Let's start with a simple example. I have the following class:

public class Range
{
    public int? From { get; set; }
    public int? To { get; set; }
}

I want to deserialize a user request in the form of JSON string into this object:

var settings = new JsonSerializerSettings
{
    Converters =
    {
        new StringEnumConverter {CamelCaseText = false}
    },

    ContractResolver = new CamelCasePropertyNamesContractResolver()
};

var result = JsonConvert.DeserializeObject<Range>(jsonString, settings);

Console.WriteLine("Range is from: " + result.From);
Console.WriteLine("Range is to: " + result.To);

How do you think, what will be the result of execution of this code, if jsonString is:

{
    form: 3,
    to: 5
}

Here is the result:

Range is from:
Range is to: 5

The reason for this strange result is that instead of FROM we wrote FORM in our JSON.

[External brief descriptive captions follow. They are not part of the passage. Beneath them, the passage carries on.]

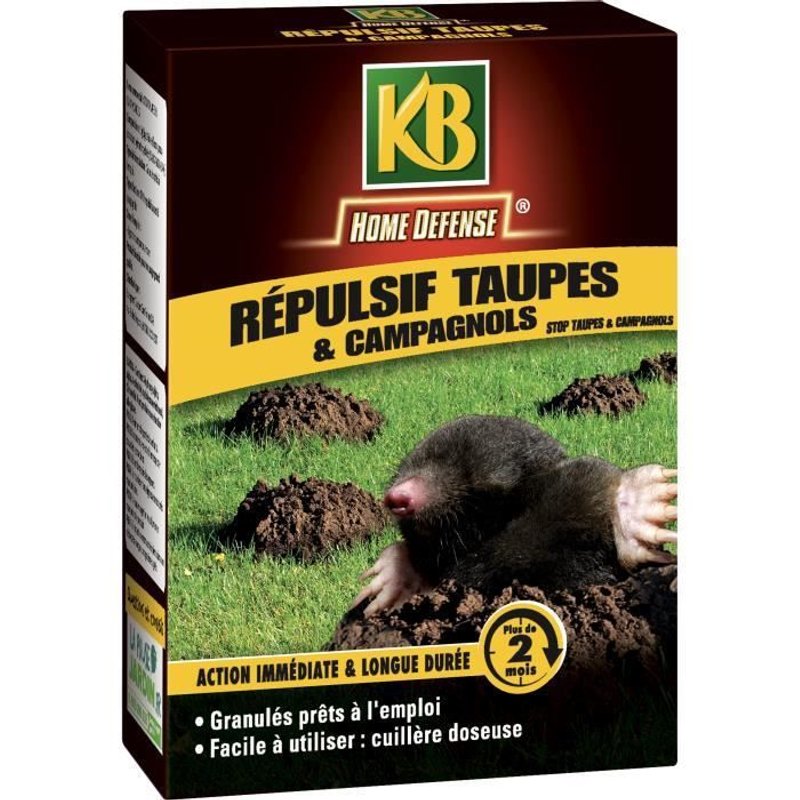 KB Répulsif Taupes et Campagnols - 150 Gr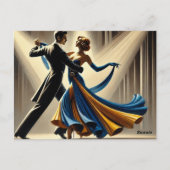 Carte Postale Waltz Couple Dancing (Dos)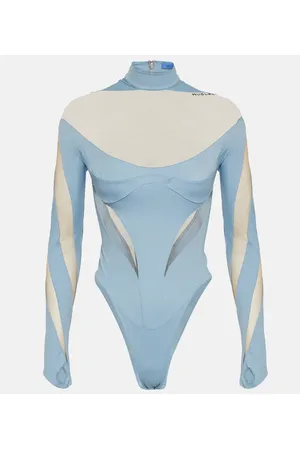 MUGLER Paneled bodysuit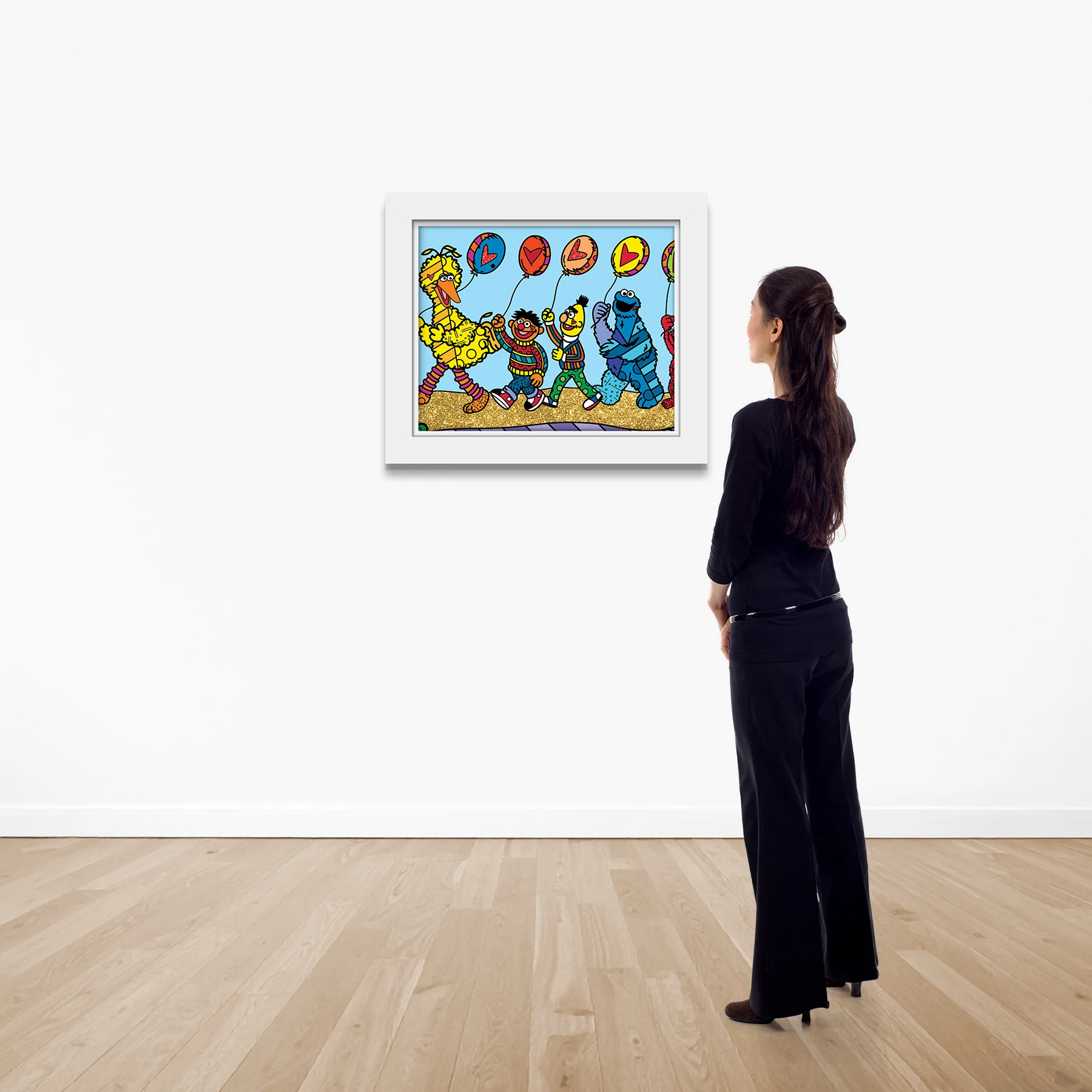 Happy Line Up! - Sesame Street - Limited Edition Print - Image 3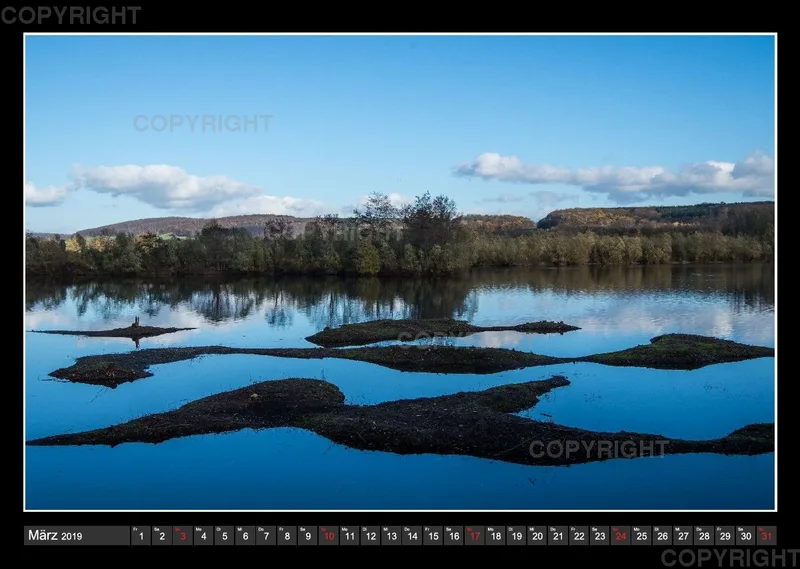 Fotokalender / Northeimer Kiesseen, 2019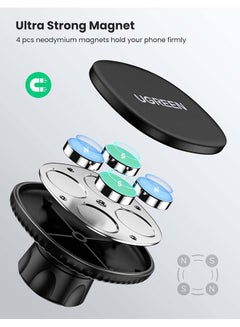 Ugreen Magnetic Phone Holder Car Mobile Stand  for iPhone Car Dashboard  Mount  for 14 Pro/14 Pro Max/13/13 mini/12/11 Pro, iPhone Xs XR X SE 8 7 Plus 6S Samsung Galaxy S23 ultra S22 S21 S20 Plus Note 10 9 black  - Image 2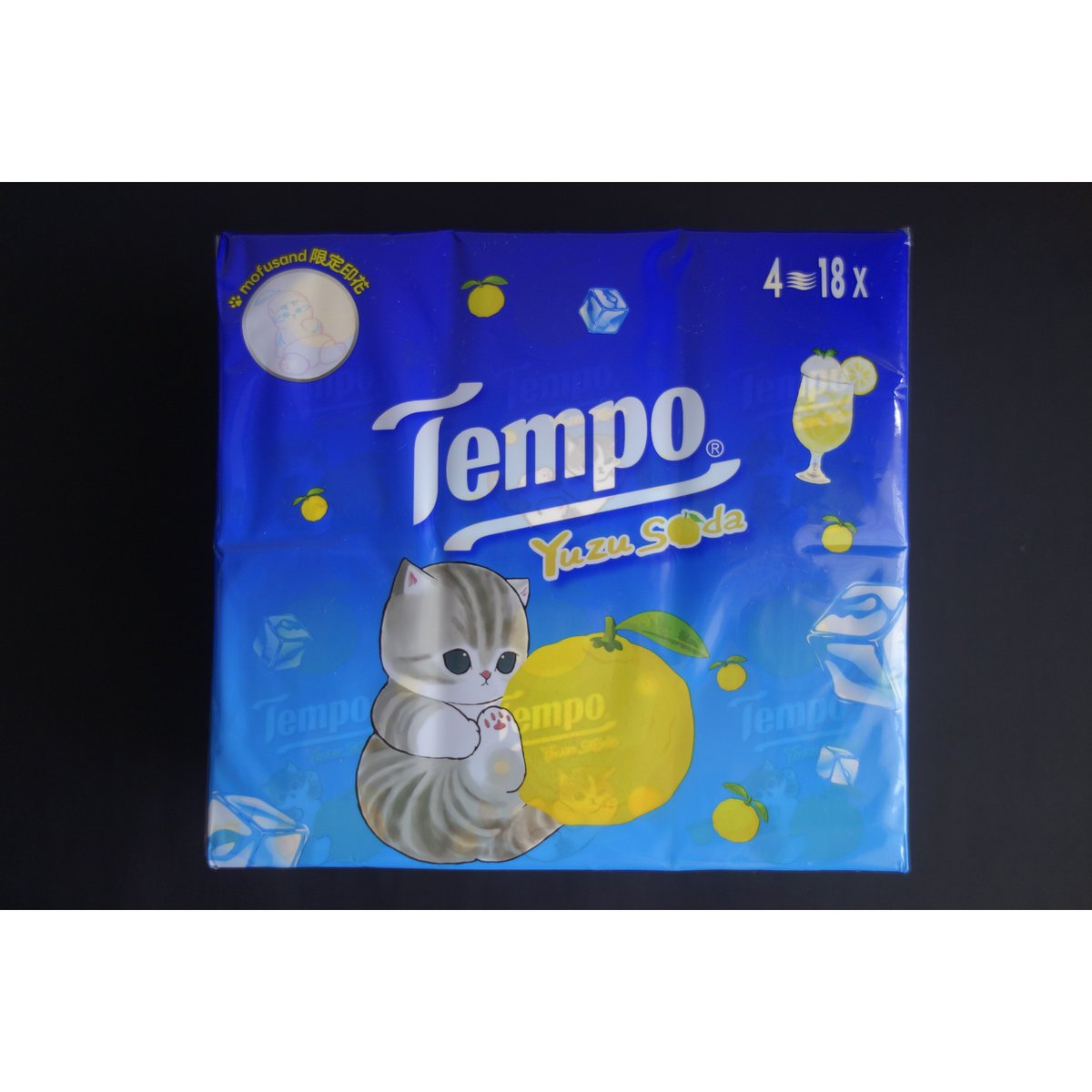 確認用　香港モフサンドmofusand新年正月食器 香港☆Tempo×Mofusand】2024年夏限定「ゆずソーダ・印花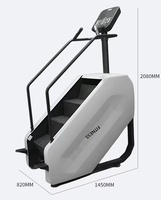 Appareil de cardio-training professionnel pour la remontée des escaliers, à résistance magnétique, robuste, avec écran LCD, pour salle de sport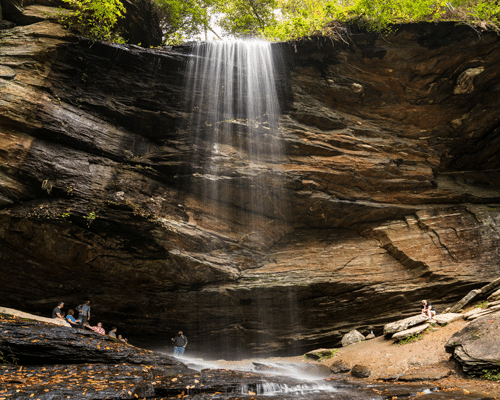 Moore Cove Falls Brevard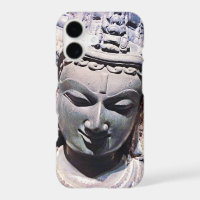 Asian Statue Antique Stone Face Photo Stylish Bold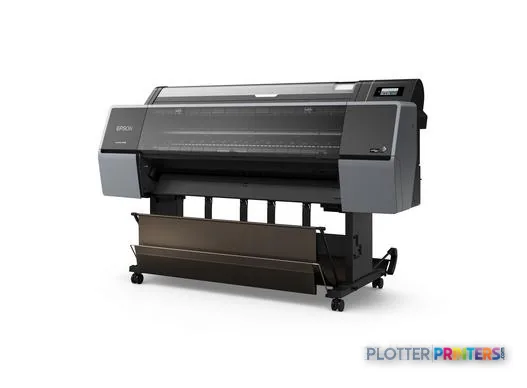 Epson SureColor P7300 large format printer product image showing black inkjet printer on stand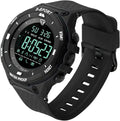 TOMI T-214 Men's Digital Sports Watch - All-black digital sports watch with a rugged strap.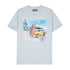 Light Blue Beach Surf Graphic T-shirt TEE SHIRTS Vilebrequin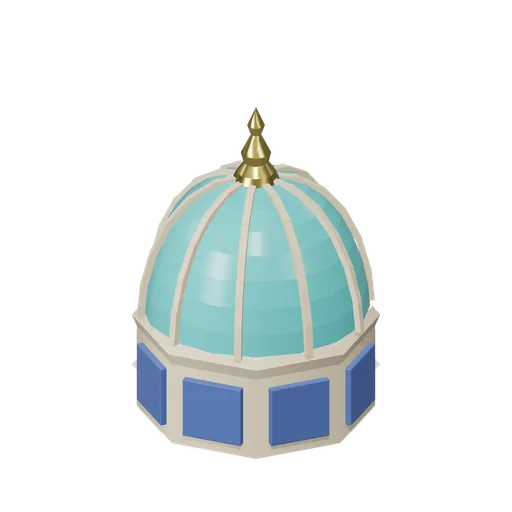 Minaret Cap (Desert Mosque and Madrasa Courtyard)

In this simple example, it is rather easy to find out why the result differs from the expected. But consider a case, when you have very long JSON with deep nesting. In this case, it is not so easy to identify the problem. I suggest helping a user to find these problems by providing useful warning messages when some typo occurs.

Looking for typos


How can we understand if something is a typo or not? In general if during deserialization we face some property in the JSON, which does not have a corresponding property in the object model, we can talk about a typo.

By default Json.Net just ignore such problems. But we can change this behavior by modifying MissingMemberHandling property of serializer settings. If we set the value of this property to MissingMemberHandling.Error, it will make serializer to throw an exception if there is no member for JSON property. We can handle this exception using Error event of serializer settings:

var settings = new JsonSerializerSettings
{
    Converters =
    {
        new StringEnumConverter {CamelCaseText = false}
    },

    ContractResolver = new CamelCasePropertyNamesContractResolver(),
    MissingMemberHandling = MissingMemberHandling.Error,
    Error = (sender, args) =>
    {
        ...
    }
};

The only thing we should do here is to distinguish errors raised by missing member from all other sorts of error. Unfortunately, Json.Net does not give us a lot of help here. The only thing we can do is to check message in the exception:

var discriminator = new Regex("^Could not find member '[^']*' on object of type '[^']*'");

var messages = new List<string>();

var settings = new JsonSerializerSettings
{
    Converters =
    {
        new StringEnumConverter {CamelCaseText = false}
    },

    ContractResolver = new CamelCasePropertyNamesContractResolver(),
    MissingMemberHandling = MissingMemberHandling.Error,
    Error = (sender, args) =>
    {
        if (discriminator.IsMatch(args.ErrorContext.Error.Message))
        {
            args.ErrorContext.Handled = true;
            messages.Add($"Property {args.ErrorContext.Member} ({args.ErrorContext.Path}) is not defined on objects of '{args.CurrentObject.GetType().Name}' class.");
        }
    }
};

var result = JsonConvert.DeserializeObject<Range>(jsonString, settings);

foreach (var message in messages)
{
    Console.WriteLine(message);
}

Console.WriteLine("-----------------------------------");

Console.WriteLine("Range is from: " + result.From);
Console.WriteLine("Range is to: " + result.To);


Please notice, that we set args.ErrorContext.Handled to true. It allows the serializer to continue its work.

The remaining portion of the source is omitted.